By Julie Zhu and Kane Wu
HONG KONG (Reuters) – China National Chemical Corp, or ChemChina, has approached Chinese state-backed investors for up to $10 billion in funding as part of a reorganisation of its agrichemicals business ahead of a public float, according to five people familiar with the situation. The reorganisation includes Swiss giant Syngenta.
The fundraising efforts and eventual stock market listing are designed to cut ChemChina’s debts ahead of a long-awaited mega-merger with state-owned peer Sinochem. Frank Ning, the chairman of both companies, has encouraged individual business units to tap capital markets ahead of any tieup, which has been in the works since 2016.
Executives from ChemChina and Sinochem have been involved in the approaches to potential investors, according to two of the sources, who have direct knowledge of the talks. They turned to fellow state-owned firms after some international investors shunned the offer as too expensive, the five people said.
Liang Xiaoliang, a corporate communication executive at ChemChina, described the Reuters’ reporting as ‘false information’. He Yujie, the general manager of Sinochem’s legal department, said there was no factual basis to the reporting. Both companies declined to provide further details.
ChemChina wants to list Syngenta, the Swiss pesticide producer it bought for $45 billion in 2016, on China’s technology-focused STAR market in mid-2020, according to fundraising documents dated from October.
The documents, sent to prospective investors, still represent the companies’ current plans, according to two of the sources.
A possible listing on STAR, where company valuations are generally higher than on the main Shanghai Stock Exchange, has not previously been reported. Such a listing, if it met regulatory approvals, would be the chemical industry’s biggest-ever IPO.
In order to secure a listing on STAR, ChemChina and Sinochem have created a holding company called SAS Holding (SAS) which will house assets including Syngenta, as well as majority stakes in Shenzhen-listed crop protection company Adama and Sinochem’s fertilizer unit, known as Sinofert, according to the fundraising documents. The creation of SAS has not been previously reported.
Syngenta, Adama and Sinofert did not respond to Reuters’ requests for comment.
SAS would enable Syngenta to trade on STAR because as a Shanghai-based holding company, it would be considered a domestic entity, one of the requirements for listing on the exchange. On its own, Syngenta would be considered a foreign company and ineligible, according to one of the people.
A WARMER RECEPTION
In return for $10 billion, ChemChina and Sinochem are looking to sell about 20%-30% of SAS by year-end and use the proceeds to repay debt ChemChina took on to fund the Syngenta deal, according to the fundraising documents. That range indicates SAS would be valued at upto $50 billion after the fundraising is complete.
Some international investors, however, balked at the offer, according to the five sources.
The problem centered on the implied valuation for Syngenta, likely to comprise the biggest component of SAS, according to the fundraising documents.

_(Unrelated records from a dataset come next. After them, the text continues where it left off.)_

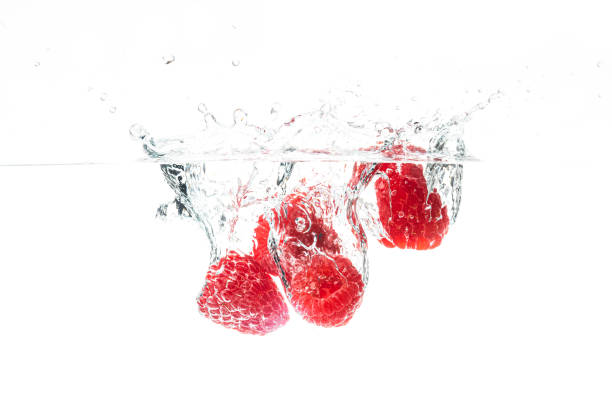 frische himbeeren fallen in wasser auf weißem hintergrund - falling fruit berry fruit raspberry stock-fotos und bilder
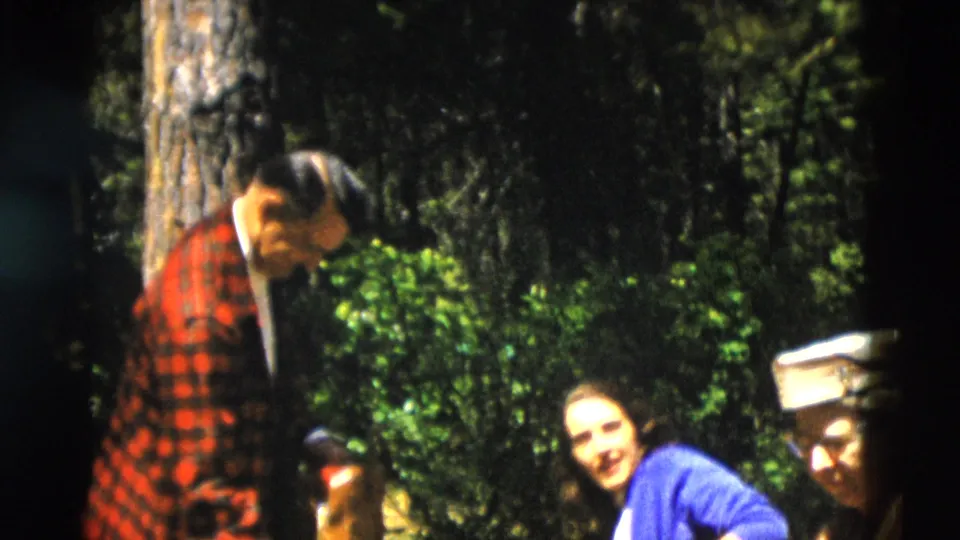 1958 Yellowstone picnic scene with adults seated or standing near trees, including one person in a red plaid jacket.
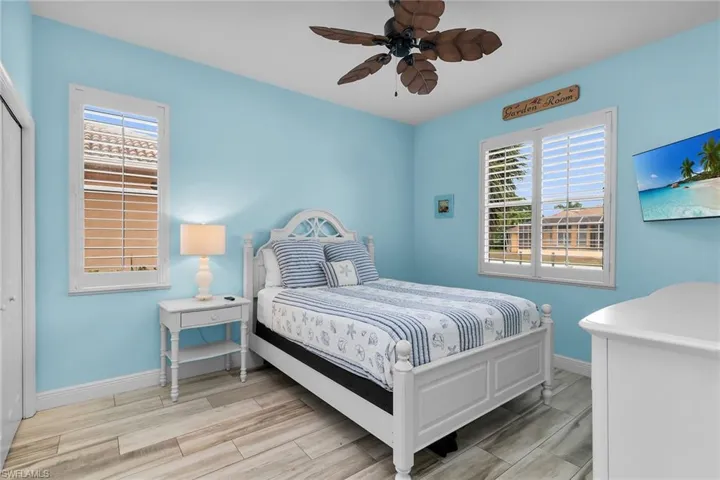 Bedroom with wood tiled floors and ceiling fan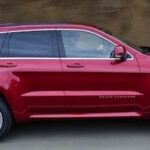 En röd Jeep Grand Cherokee kör nedför en bergsväg. (AI text)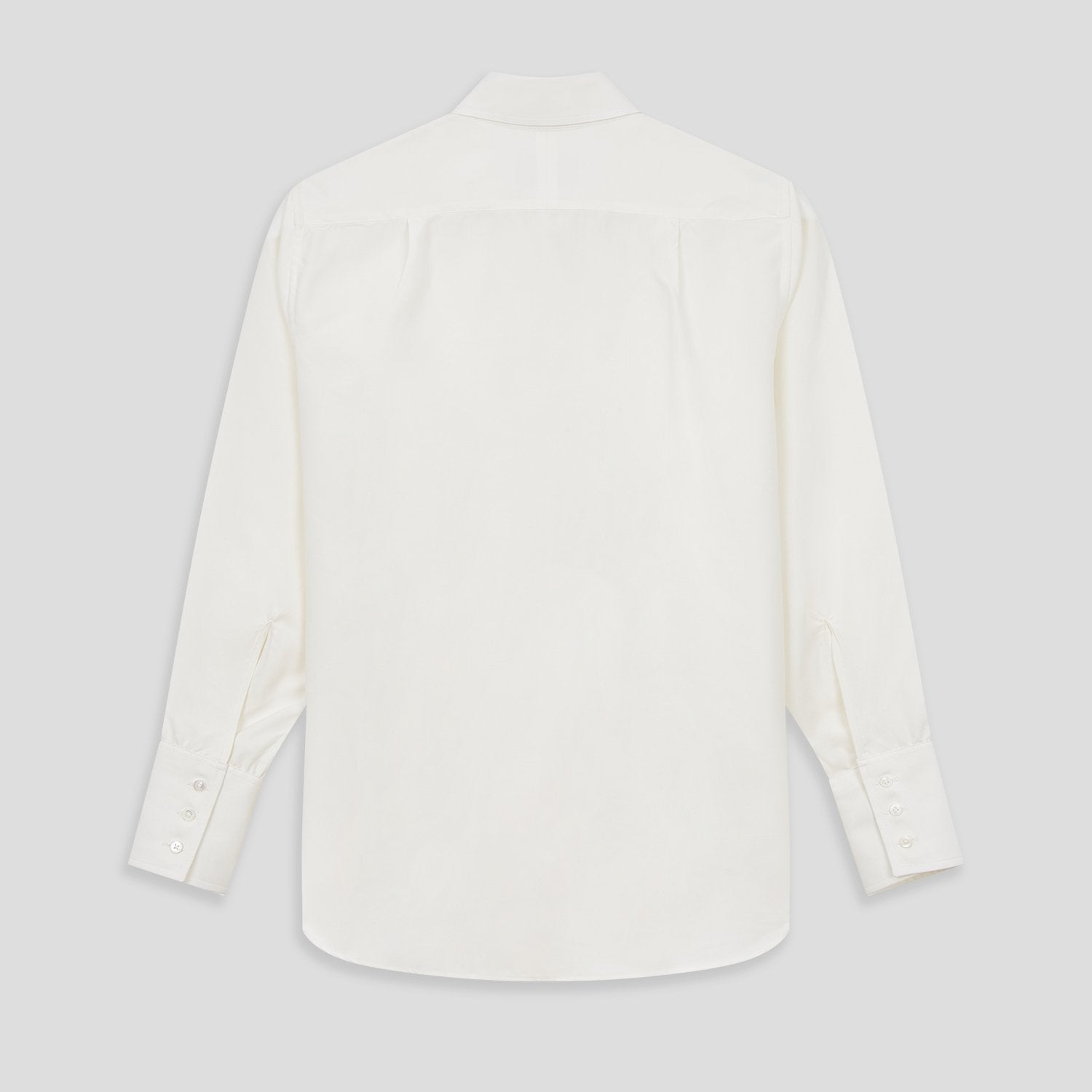 View 3 of product The Turnbull & Asser Turnbull and The Deck Cream Silk Romantic Shirt features long sleeves, a pointed collar, and elegant front ruffles, shown against a plain light gray background.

ChemChina leveraged up to buy the Swiss giant, creating a global player in agrichemicals and driving the Chinese company’s debt levels to around 10 times EBITDA at the end of 2018, according to figures from Moody’s rating agency.
The acquisition, China’s largest overseas deal, was described as a mistake by China’s ambassador to Switzerland in a Swiss newspaper interview published in June.
To entice funding, ChemChina and Sinochem have cut the asking price, according to two people with direct knowledge of the discussions and have turned to state-backed investors including banks, insurers and other financial groups in the hope of a warmer reception.
ChemChina and Sinochem are now offering these state-backed investors shares that would value SAS at about $30 billion, according to one of the people with direct knowledge of the talks. That price tag would imply a large drop in the estimated valuation of Syngenta.
Reuters could not determine what the implied valuation of Syngenta would be in the event SAS was valued at $30 billion as it is not clear exactly what proportion of SAS it would represent.
“State investors are generally under pressure from the government or banks to support firms seen as national champions. China has supported the Syngenta acquisition and would not like to see the IPO fail,” said Andrew Collier, managing director of Orient Capital Research.
The state-owned Assets Supervision and Administration Commission (SASAC), the primary regulator of Chinese state-owned companies, did not respond to a request for comment.
In addition to seeking fresh funding, ChemChina has also asked some of its creditors from the Syngenta deal, including Bank of China and state-owned investor China Reform Holdings, to swap some of their debt in ChemChina for equity in SAS, three sources said.
ChemChina initially took on nearly $33 billion in loans to complete the Syngenta acquisition.
Bank of China and China Reform Holdings did not respond to Reuters’ requests for comment.
ChemChina and Sinochem will miss their self-imposed year-end deadline to close the fundraising, said the two people with direct knowledge of the matter, and are now aiming to complete it in the first half of 2020.